Está en juego algo más que miles de puestos de trabajo de la gente que hace cine en Europa. Está en juego la supervivencia de las únicas trincheras donde aún se combate por un cine que responda a los criterios que hicieron de él un arte, el Séptimo. Hubo un tiempo en que Hollywood era una industria que a veces producía arte. Ahora, nueve de cada diez títulos llegados de allí no tiene ningún valor artístico. Por cada obra de Tarantino, Spielberg o Malick que llega hay que tragar por imposición indiscriminada paquetes de bodrios que no merecen ni su estreno en la sobremesa televisiva. Ya mandan mucho pero quieren mandarlo todo y que ninguna pantalla les haga competencia con arte.

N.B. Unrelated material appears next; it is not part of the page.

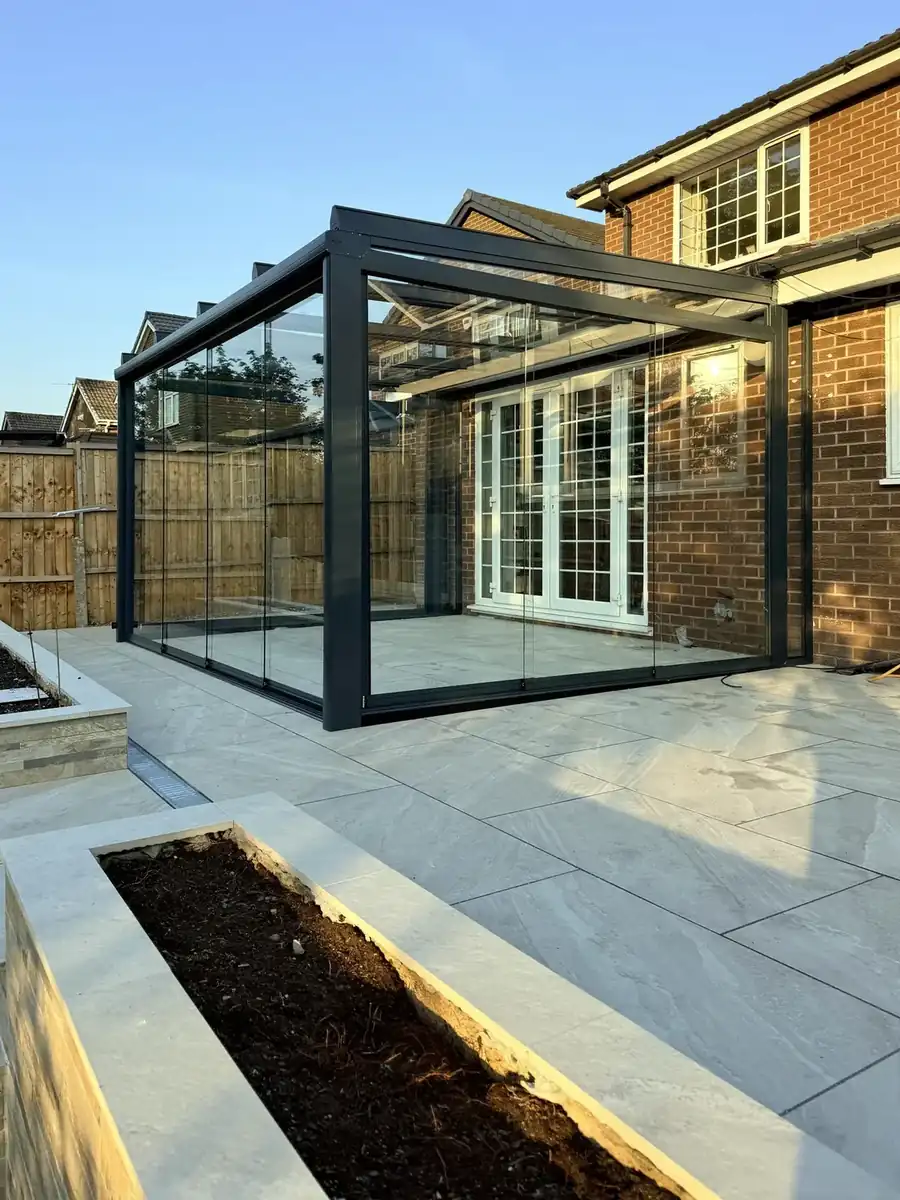 Anthracite glass room with sliding glass walls on a raised porcelain patio in Bolton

Un Tratado de Libre Comercio entre la Unión Europea y EE UU que se cargue la excepción cultural y convierta la cultura en un producto más a soltar y ahí que te preste en el mercado comercial, sin blindaje de ningún tipo, significaría un ataque sin precedentes a una escala de valores en la que la economía no sea el principal, sino el único, argumento. Quién le ha visto y quién le ve: el presidente de la Comisión Europea, José Manuel Durão Barroso, defendía no hace tanto la excepción cultural como un bien irrenunciable, como un logro imprescindible. Ahora que se aproxima el fin de su presidencia parece más preocupado por dejar buenos amigos en la industria norteamericana que por seguir defendiendo una diversidad cultural que añada pluralidad y riqueza a una cartelera ya de por sí invadida por abusona morralla de Hollywood.

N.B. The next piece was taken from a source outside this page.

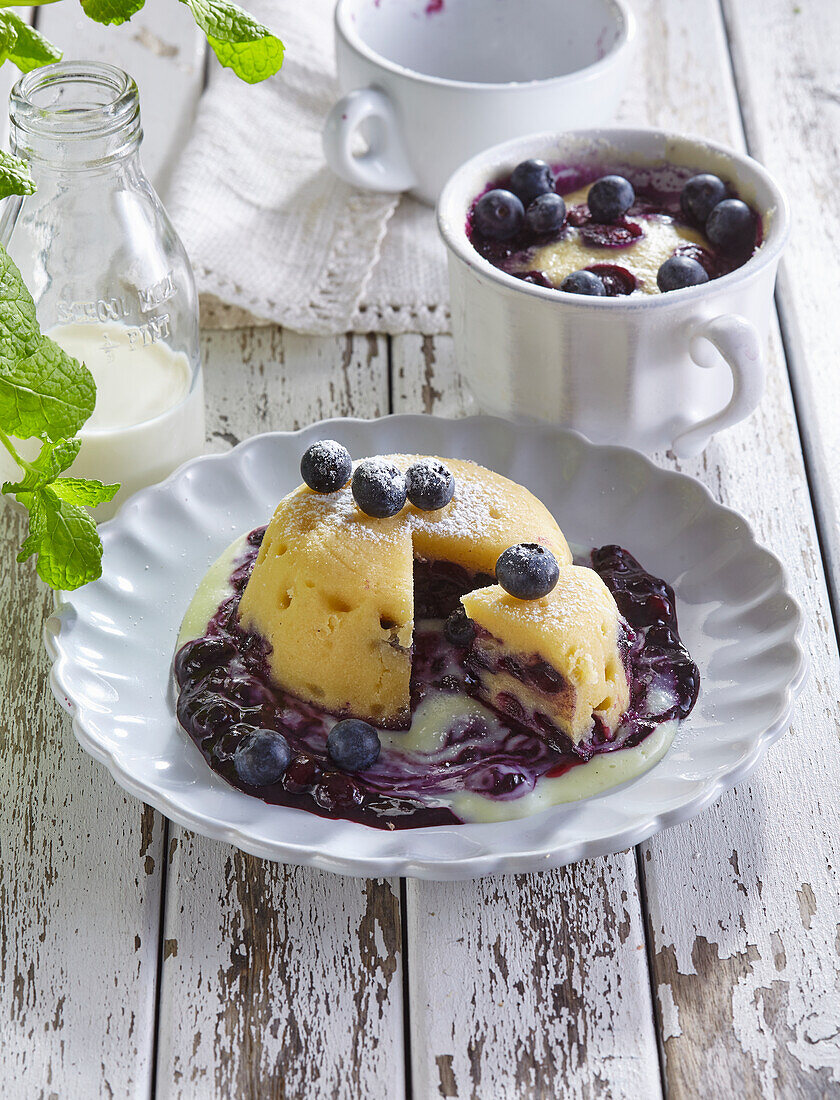 Cup dumplings with blueberries and vanilla sauce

No todo lo que trae consigo el proteccionismo es positivo, y sería absurdo negar que en algunos casos hay una peligrosa tendencia a montar el pesebre cuando entran en escena cierto tipo de productores que se sirven del cine para intereses meramente económicos, pero esas zonas oscuras son una menudencia en comparación con el paisaje desolador que quedaría en nuestras pantallas si las todopoderosas majors de Hollywood se salen con la suya y el cine europeo se queda a la intemperie, listo para ser aniquilado.